La chair exposée n’est pas transgression mais scandale. En d’autres mots, l’ exposition s’oppose franchement aux normes de propriété et les nie, mais son effet ne dépend pas de cette opposition, n’est pas étayée par elle. La violation de la norme n’est pas première par rapport à l’exposition ; la négation est secondaire, un constat, un accident. Elle retourne l’ exposition à la norme - c’est cela sa grande offense. L’exposition opère dans l’ignorance de la norme, et mène donc, de la seule manière possible, à sa totale destruction. Le corps du Christ atteste le scandale, le scandale de la croix.

3. La crucifixion

Dans l’acte d’incarnation le Christ prend la forme d’un esclave et renonce à toute séparation divine non dans une démonstration de refus ascétique mais plutôt dans une recherche de continuité avec la vie et la communauté. Cet être en commun est une échappée de la prison. Sacrifier un objet donné est une option de joie. L’exposition par la prise de la forme d’un esclave, forme que nous partageons tous, charrie cependant avec elle toujours et nécessairement la possibilité des plus horribles tourments, jusqu’au point de la torture sur la croix.

L’effet de la torture est toujours la séparation et la discontinuité même dans les situations d’extrême proximité et intimité.
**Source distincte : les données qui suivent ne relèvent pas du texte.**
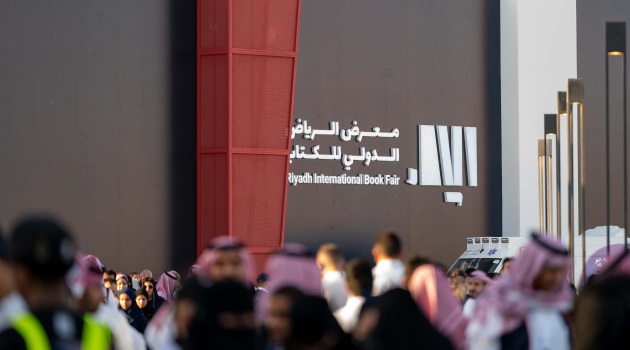 المعرض أحد أهم المنصات الثقافية الدولية في الوطن العربي الصورة من حساب الصندوق الثقافي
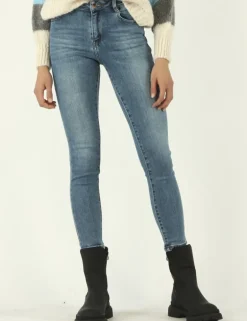 JEANS GEORGINA UP 12OZ USED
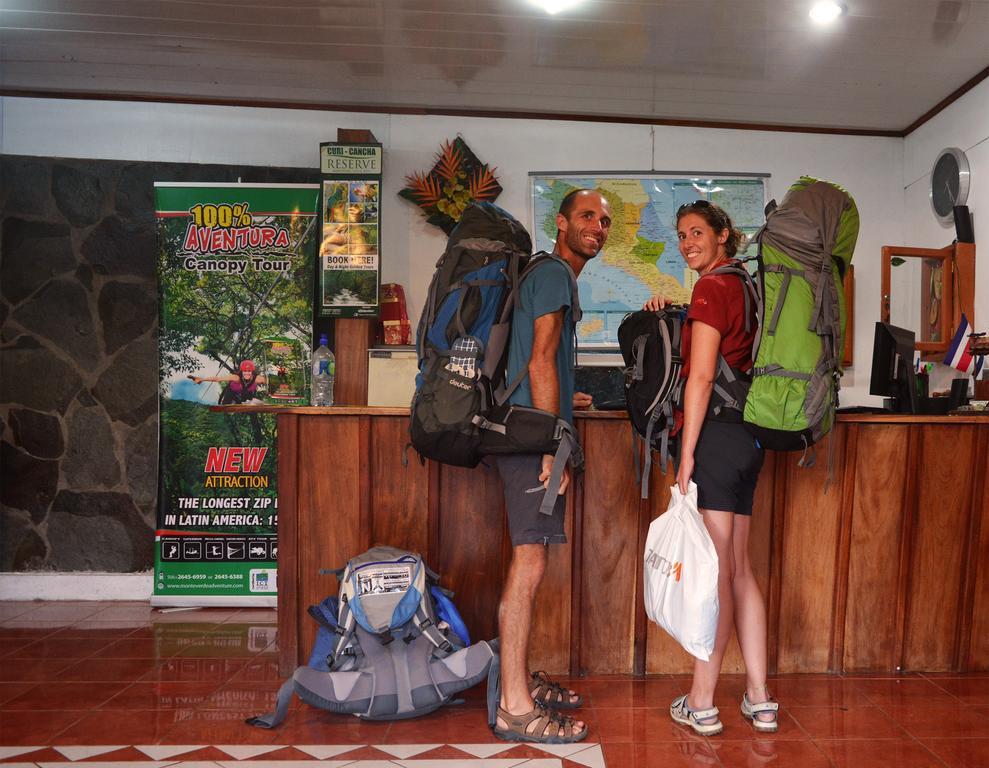 Santa Elena Hostel Resort Monteverde Kültér fotó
Souvent nous ne pouvons même pas reconnaître nos tortionnaires comme humains ; ils sont irrémédiablement autres pour nous ( Nous avons tendance à les penser comme des chiens ou des bêtes, alors qu’en réalité ces animaux ne se séparent jamais eux-mêmes de la sorte). Et en même temps la torture rend impossible de reconnaître la continuité de nos propres vies. Ce n’est pas moi qu’il encule, ce n’est pas moi qu’ils brûlent au fer rouge - ils peuvent seulement toucher mon corps. La torture nous force hors de la chair, elle nous force à nous séparer de nos corps, à nous faire nous-mêmes autres. L’expérience de la torture est une forme d’exil, aux niveaux les plus intimes de l’être - un exil hors du vivant. La torture rend impossible l’exposition de la chair, même quand paradoxalement nos tortionnaires essaient de nous mettre à nu.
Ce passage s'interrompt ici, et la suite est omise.